The mean differences (MDs) and risk ratios (RRs) with corresponding 95% confidence intervals (CIs) were used as the effect sizes for continuous effects and dichotomous effects, respectively. For studies that reported median with range or interquartile range, the McGrath et al. [26] method was used to estimate the mean with standard deviation. Heterogeneity of effect sizes among included studies was assessed using I² statistic.
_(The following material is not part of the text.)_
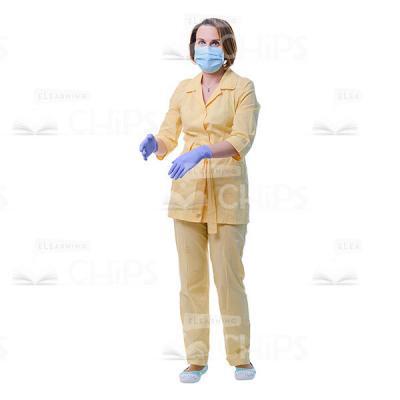 Female Dentist Gesticulating With Both Hands In Medical Gloves Cutout Photo-0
Random-effects models were applied to balance inherent clinical heterogeneity across included studies [27]. Publication bias was assessed via Egger’s test for each outcome, and trim and fill analysis was employed when there was a significant publication bias. A two-tailed P value < 0.05 was considered statistically significant. All analyses were performed using Review Manager Software, version 5.3 (Cochrane, London, UK), Stata, version 12.0 (Statacorp, College Station, TX) and R software, version 4.2.1 (R Group for Statistical Computing).

Study characteristics

The search strategy yielded a total of 300 potentially relevant studies. After title de-duplication and abstract assessment, 27 full-texts were reviewed, of which 21 references were excluded for various reasons (Fig. 1). Of note, 4 studies [10, 28,29,30] were excluded due to overlapping data, and 5 studies were excluded because PSM analysis was not performed [31,32,33,34,35]. In all, 6 retrospective PSM studies [36,37,38,39,40,41] and no RCT, comprising 1860 patients (930 in the LG group and 930 in the OG group) were included. These studies were published between 2019 and 2023, and carried out in China, Korea, Japan and Vietnam. Among these studies, 5 of them included only pT4a patients, whereas inclusion was based on sT4a (91.2% pT4a patients) disease in one study. For the outcomes, all of the included studies reported OS, and 5 studies reported DFS/RFS. Additionally, all PSM studies were judged by two reviewers independently using NOS checklist and had an NOS score of 7 or 8 stars, indicating that they were of sufficient quality (Table 1 and Supplementary file item 2).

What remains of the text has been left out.